JAKARTA - Kuasa hukum pemerintah, Hafzan Taher menilai gugatan yang diajukan oleh perkumpulan Hizbut Tahrir Indonesia (HTI) sudah tidak memiliki legal standing untuk diajukan ke Pengadilan Tata Usaha Negara (PTUN).
Menurut dia, contoh yang diberikan kuasa hukum HTI yang mempersoalkan PTUN mempunyai karakteristik berbeda dalam menyidangkan badan hukum tidaklah benar.
"Tidak ada Undang-Undang yang menyebutkan acara PTUN berbeda untuk status badan hukum. Undang-Undang itu berlaku umum, dimana saat surat (SK pencabutan perkumpulan HTI) itu keluar langsung mati (tidak bisa menggugat)," kata Hafzan usai sidang pembacaan replik oleh penggugat di PTUN, Jalan A Sentra Primer Baru, Cakung, Jakarta Timur, Kamis (7/12/2017).

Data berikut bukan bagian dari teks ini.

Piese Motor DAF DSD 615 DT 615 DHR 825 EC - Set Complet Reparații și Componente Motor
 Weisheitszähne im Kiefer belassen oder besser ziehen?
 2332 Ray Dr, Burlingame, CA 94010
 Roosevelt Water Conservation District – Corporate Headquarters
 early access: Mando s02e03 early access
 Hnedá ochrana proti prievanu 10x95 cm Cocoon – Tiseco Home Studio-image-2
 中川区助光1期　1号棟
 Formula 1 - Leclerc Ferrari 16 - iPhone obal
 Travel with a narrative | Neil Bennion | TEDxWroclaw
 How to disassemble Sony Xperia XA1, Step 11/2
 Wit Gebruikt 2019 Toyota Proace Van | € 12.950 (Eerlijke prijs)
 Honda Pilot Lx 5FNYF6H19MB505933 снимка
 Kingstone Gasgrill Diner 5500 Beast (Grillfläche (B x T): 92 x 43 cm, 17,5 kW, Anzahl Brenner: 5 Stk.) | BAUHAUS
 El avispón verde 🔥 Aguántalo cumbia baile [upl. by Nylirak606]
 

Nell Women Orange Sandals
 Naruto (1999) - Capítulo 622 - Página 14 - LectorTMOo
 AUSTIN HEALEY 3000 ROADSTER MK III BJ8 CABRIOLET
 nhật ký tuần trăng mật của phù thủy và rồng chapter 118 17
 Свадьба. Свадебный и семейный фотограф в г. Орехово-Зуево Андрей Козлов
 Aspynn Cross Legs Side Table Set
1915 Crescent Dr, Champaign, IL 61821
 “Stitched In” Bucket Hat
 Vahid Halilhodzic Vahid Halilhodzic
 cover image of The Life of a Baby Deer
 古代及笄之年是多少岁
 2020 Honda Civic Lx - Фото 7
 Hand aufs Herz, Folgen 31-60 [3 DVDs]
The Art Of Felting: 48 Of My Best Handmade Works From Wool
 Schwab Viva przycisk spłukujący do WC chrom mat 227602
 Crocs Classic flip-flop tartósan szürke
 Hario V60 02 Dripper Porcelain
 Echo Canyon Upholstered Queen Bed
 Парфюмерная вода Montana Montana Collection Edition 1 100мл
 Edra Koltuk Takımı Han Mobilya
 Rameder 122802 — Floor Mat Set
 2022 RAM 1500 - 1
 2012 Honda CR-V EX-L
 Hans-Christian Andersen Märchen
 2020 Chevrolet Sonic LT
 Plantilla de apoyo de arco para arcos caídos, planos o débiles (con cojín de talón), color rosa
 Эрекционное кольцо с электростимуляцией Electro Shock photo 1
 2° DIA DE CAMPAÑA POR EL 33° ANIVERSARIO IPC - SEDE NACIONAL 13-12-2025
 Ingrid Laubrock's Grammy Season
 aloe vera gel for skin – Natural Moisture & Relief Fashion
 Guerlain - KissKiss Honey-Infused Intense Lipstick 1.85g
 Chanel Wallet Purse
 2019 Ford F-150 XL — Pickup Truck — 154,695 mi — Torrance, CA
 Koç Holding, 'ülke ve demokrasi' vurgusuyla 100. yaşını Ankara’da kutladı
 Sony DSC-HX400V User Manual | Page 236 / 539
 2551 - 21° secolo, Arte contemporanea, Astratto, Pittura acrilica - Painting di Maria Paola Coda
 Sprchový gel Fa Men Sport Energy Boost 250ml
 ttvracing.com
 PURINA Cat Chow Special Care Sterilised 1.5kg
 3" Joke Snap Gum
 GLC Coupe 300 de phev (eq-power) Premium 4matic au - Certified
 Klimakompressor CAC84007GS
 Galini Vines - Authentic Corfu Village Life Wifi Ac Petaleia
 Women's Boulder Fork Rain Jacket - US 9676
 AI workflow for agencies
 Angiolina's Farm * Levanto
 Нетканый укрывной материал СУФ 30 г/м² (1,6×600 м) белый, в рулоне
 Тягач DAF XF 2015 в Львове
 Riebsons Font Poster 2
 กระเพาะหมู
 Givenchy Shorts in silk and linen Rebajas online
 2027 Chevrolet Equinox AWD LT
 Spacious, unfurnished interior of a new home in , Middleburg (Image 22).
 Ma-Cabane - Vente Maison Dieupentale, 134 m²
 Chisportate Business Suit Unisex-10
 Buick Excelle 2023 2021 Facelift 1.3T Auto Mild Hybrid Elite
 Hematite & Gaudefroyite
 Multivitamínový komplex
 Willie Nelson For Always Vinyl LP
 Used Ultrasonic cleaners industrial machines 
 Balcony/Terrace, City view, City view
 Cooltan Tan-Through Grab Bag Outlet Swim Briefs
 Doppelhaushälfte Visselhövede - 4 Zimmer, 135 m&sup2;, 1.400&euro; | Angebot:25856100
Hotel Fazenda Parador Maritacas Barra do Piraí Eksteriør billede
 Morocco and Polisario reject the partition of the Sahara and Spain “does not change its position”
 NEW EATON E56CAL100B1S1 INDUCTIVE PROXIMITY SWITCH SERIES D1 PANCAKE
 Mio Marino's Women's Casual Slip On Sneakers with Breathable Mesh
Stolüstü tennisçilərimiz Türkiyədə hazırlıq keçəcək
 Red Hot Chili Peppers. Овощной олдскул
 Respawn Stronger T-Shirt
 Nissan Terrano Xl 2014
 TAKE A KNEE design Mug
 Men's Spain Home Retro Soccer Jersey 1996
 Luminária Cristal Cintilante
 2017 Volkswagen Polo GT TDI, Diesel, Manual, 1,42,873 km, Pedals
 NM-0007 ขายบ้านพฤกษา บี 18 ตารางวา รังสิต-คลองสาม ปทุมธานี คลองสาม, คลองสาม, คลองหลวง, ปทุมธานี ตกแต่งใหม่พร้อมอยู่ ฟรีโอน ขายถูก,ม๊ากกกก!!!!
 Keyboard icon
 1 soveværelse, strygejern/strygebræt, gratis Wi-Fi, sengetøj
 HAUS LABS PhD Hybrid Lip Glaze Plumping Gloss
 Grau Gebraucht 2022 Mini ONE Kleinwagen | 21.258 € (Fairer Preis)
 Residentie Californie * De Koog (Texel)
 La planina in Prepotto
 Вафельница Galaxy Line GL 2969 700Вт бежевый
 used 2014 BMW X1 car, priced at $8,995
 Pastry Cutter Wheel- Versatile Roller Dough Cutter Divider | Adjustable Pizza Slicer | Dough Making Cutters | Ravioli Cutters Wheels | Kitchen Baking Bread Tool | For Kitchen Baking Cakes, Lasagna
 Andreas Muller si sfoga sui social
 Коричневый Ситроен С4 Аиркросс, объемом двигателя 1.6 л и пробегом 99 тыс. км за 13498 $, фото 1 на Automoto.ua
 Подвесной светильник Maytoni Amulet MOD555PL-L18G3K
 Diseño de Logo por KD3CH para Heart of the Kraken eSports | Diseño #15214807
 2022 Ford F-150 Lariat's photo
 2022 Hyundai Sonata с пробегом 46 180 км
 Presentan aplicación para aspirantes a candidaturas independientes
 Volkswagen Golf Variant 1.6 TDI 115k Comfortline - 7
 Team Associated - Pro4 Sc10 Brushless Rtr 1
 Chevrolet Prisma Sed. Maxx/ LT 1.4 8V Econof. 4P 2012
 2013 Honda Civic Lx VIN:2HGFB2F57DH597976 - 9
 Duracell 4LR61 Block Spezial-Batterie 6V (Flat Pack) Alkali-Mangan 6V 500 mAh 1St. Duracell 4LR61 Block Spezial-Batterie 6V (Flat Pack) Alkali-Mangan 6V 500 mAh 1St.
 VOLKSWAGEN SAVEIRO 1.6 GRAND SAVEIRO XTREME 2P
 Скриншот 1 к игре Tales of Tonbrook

Dia menjelaskan sudah dikeluarkannya SK Menteri Hukum dan Hak Asasi Manusia Nomor AHU-30.A.01.08 Tahun 2017 tentang Pencabutan Keputusan Menteri Hukum dan Hak Asasi Manusia Nomor AHU-00282.60.10.2014 tentang Pengesahan Pendirian Badan Hukum Perkumpulan HTI tertanggal 19 Juli 2017, seharusnya HTI tidak bisa menggugat.
Seharusnya, sambung dia, HTI mengajukan gugatan tidak sebagai perkumpulan lagi. Namun melalui seseorang yang ada dan berkepentingan dengan HTI.
"Pihak yang mengajukan gugatan bukan dia (perkumpulan HTI) yang mengajukan gugatan sama seperti di Mahkamah Konstitusi (MK). Seharusnya orang yang ada dan berkepentingan yang bisa mengajukan gugatan. Kan begitu seharusnya," ujarnya.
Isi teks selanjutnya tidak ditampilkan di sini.